UBC Reports | Vol. 47 | No. 07 | Apr.
5, 2001
Honour Roll
Zoology Prof. Carl Walters has been selected as one of 10 "guardians
of the oceans" for his work in developing multi-species fisheries harvesting
models for improved global fisheries management.
Walters, who works with the Fisheries Centre, has been chosen as a 2001 Pew
Marine Conservation fellow. He has been awarded $150,000 from the Pew Fellows
Program in Marine Conservation, an initiative of the Pew Charitable
Trusts operated
in partnership with the New England Aquarium.
Each year, 10 outstanding ocean champions are supported by the program to
undertake pioneering projects that tackle urgent conservation challenges in
four areas: sustainability of marine ecosystems; fisheries management; marine
contamination; and coastal conservation.
Since the program was launched in 1990, fellows have been chosen from more than
20 countries.
Two UBC scholars have been appointed scholars-in-residence in Women's
Studies for 2002.
Gwen Chapman, associate professor in Agricultural Sciences,
and Shauna
Butterwick, assistant professor in Education Studies, have been
appointed.
The visiting scholar program is an integral part of the Centre for Research in
Women's Studies and Gender Relations. Scholars who are accepted spend leave
time of one to six months in affiliation with the centre.
The goal of the centre is to stimulate feminist research and to facilitate
interchange of ideas and collaboration among scholars at UBC and
elsewhere.
The visiting scholar program is open to faculty, both untenured and tenured, as
well as to independent scholars who are engaged in critical work on women and
gender.
UBC scholars-in-residence for 2000-01 are: Ruth
Buchanan, assistant
professor, Faculty of Law; Nancy Frelick, chair, Comparative
Literature
and associate professor, Dept. of French, Hispanic and Italian Studies; and
Gloria Onyeoziri, associate professor, Dept. of French, Hispanic and
Italian Studies.
Lloyd Axworthy, director and chief executive officer of
the Liu Centre for the Study of Global Issues, has received the Madison Medal
for 2001 from his alma mater, Princeton University.
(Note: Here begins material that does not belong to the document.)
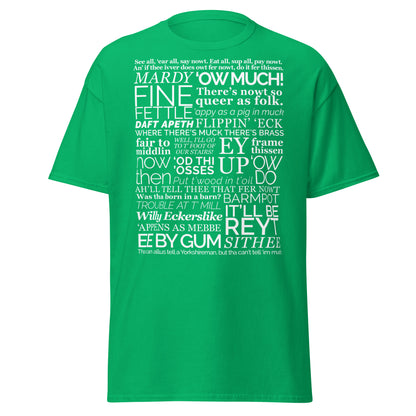 Yorkshire Dialect T-shirt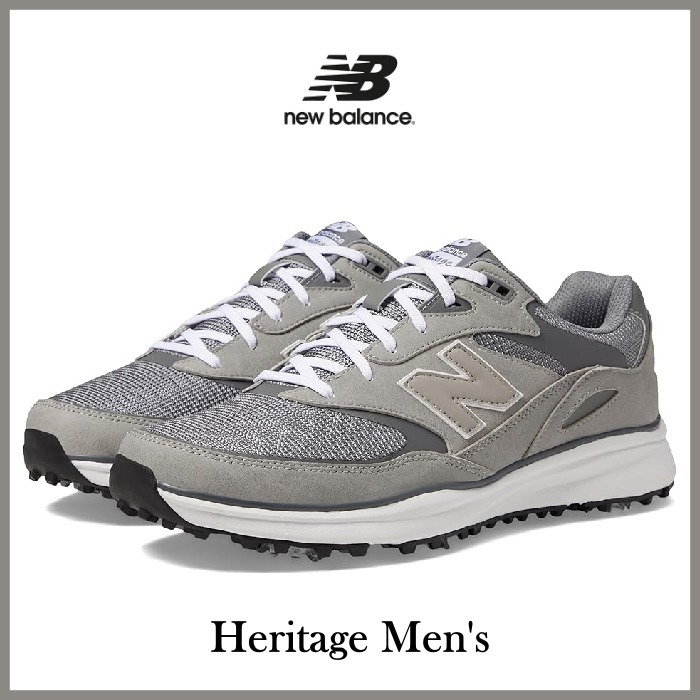 ★New Balance★Golf★Heritage Men's★Grey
The medal is given annually to a graduate school alumnus who has
had a distinguished
career, advanced the cause of graduate education or has achieved a record of
outstanding public service.
Axworthy, who obtained his PhD in political science from Princeton in 1972 and
spent almost 27 years in government, was Canada's minister of Foreign
Affairs until last fall.
Architect of the Ottawa Treaty that outlawed land mines, he has also campaigned
vigorously for the creation of a permanent international criminal court that
would try people accused of genocide, war crimes or crimes against humanity.